Despite passage of the PPACA, health care costs continue to rise and businesses are concerned. They are increasingly turning to HSA-compatible HDHPs, both to rein in costs and avoid the threshold that triggers the “Cadillac tax,” the 40 percent nondeductible excise tax on employer-sponsored health coverage under PPACA that is scheduled to take effect in 2018.
A survey by the National Business Group on Health, a nonprofit association of 425 large U.S. employers, found that nearly one-half of respondents (48 percent) expect at least one of their health plans will hit the excise tax trigger in 2018, and almost three-quarters (72 percent) expect one of their plans to hit the trigger in 2020. To avoid the tax, 76 percent of survey respondents are expanding or adding consumer-directed health plans (CDHPs) with HSAs, with an increasing percentage offering only a CDHP option. In 2016, 83 percent of survey respondents will offer a CDHP, and one in three (33 percent) will only offer CDHPs to their employees. And more than 87 percent of employers responding to the survey that offer a CDHP option with an HSA will continue to make employer HSA contributions to their employees’ HSAs.

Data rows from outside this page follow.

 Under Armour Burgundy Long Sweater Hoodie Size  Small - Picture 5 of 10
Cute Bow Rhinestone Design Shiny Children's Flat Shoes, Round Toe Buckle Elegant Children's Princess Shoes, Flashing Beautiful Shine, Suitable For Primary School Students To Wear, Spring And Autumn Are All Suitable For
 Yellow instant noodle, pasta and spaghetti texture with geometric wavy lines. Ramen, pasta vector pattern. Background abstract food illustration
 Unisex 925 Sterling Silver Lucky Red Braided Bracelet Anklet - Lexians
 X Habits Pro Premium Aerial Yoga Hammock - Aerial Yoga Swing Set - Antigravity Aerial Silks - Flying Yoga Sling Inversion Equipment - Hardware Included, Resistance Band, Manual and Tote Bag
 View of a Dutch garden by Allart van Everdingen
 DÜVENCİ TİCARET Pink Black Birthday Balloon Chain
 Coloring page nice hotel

By making plan changes, such as switching to CDHPs with HSAs, adding consumer tools, and expanding wellness programs, survey respondents expect to keep health care benefit cost increases to five percent for the third year in a row.

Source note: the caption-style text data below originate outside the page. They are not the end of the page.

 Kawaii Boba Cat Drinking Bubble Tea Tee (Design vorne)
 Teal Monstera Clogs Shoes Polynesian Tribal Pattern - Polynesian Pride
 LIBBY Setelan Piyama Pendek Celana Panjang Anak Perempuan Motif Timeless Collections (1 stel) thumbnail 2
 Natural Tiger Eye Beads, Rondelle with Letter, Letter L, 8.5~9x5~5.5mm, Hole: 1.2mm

Those who purchase health insurance through the health insurance exchanges may not be as fortunate as those covered by employer-provided health insurance.

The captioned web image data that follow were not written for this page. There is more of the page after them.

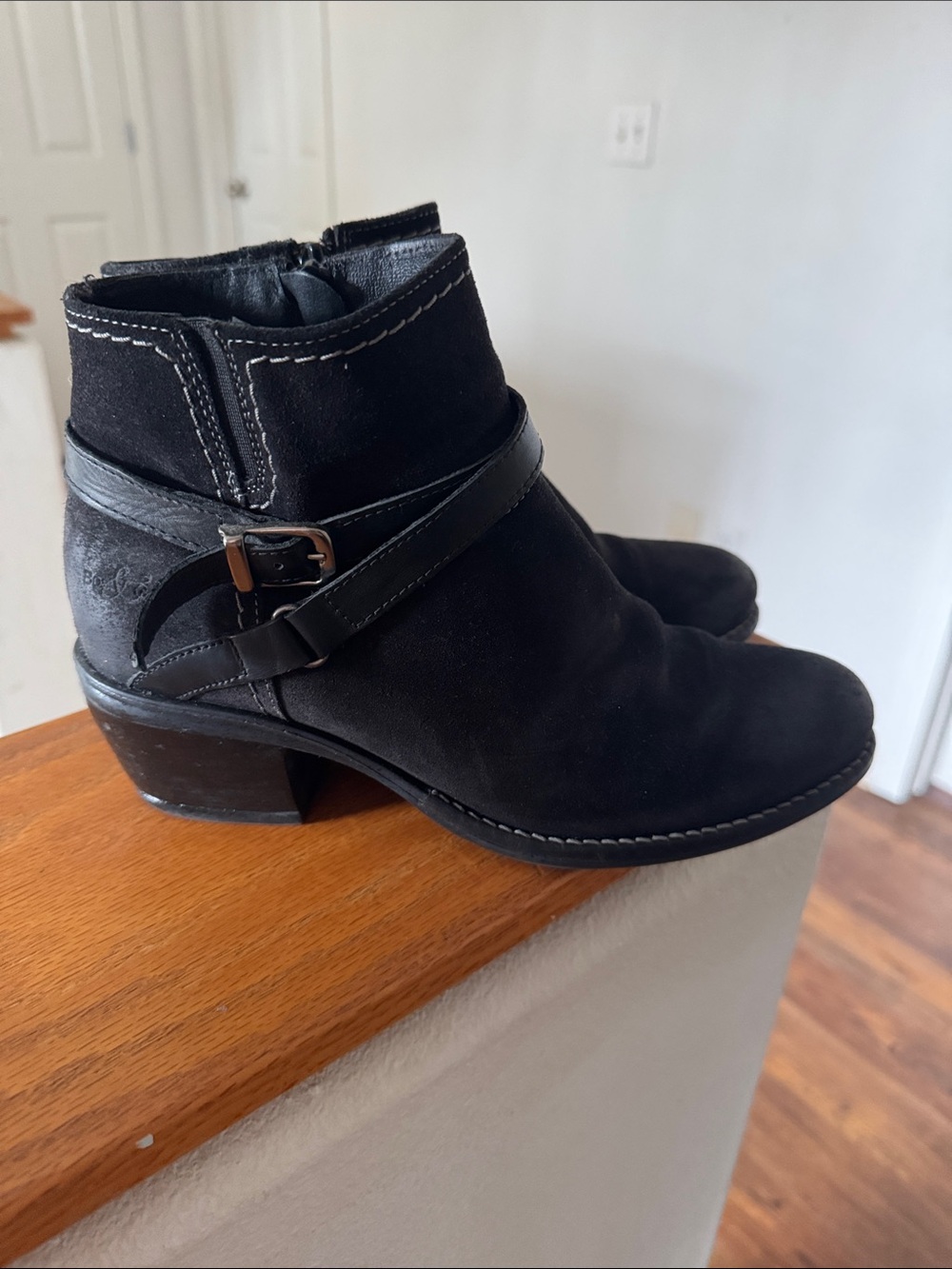 Women's Black suede Ankle Booties with Buckle Strap - Picture 5 of 7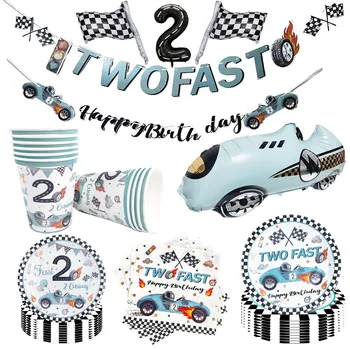 Race Car Theme Two Fast Boys 2th Birthday Party Decorations for Race Car Checkered Flags Racing Wheel Disposable Tableware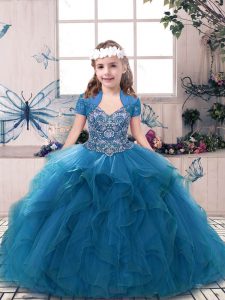 Custom Designed Tulle Straps Sleeveless Lace Up Beading and Ruffles Pageant Gowns For Girls in Blue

According to a report in The New York Times, health insurance companies around the country are seeking rate increases of 20 to 40 percent for plans offered through the health insurance exchanges. And, while many expect that the rate increases will be scaled back, insurers in many states reported that claims expenses exceeded premiums collected for plans offered through the exchanges.
The Oregon Insurance Division earlier this year released final rate decisions that, in the individual market, ranged from an average rate increase of 8.3 percent to an average rate increase of 37.8 percent, depending on the plan. Insurance Commissioner Laura Cali said that the rate increases were necessary after division actuaries determined that the cost of providing coverage for individual plans in Oregon was $830 million, while premiums were only $703 million, meaning that for 2014, costs exceeded rates by $127 million. In announcing the rate increase decisions, Commissioner Cali, sensitive to the affordability of health insurance, cited the need to protect consumers, and noted that inadequate rates could result in insurance companies going out of business in the middle of the year or being unable to pay claims.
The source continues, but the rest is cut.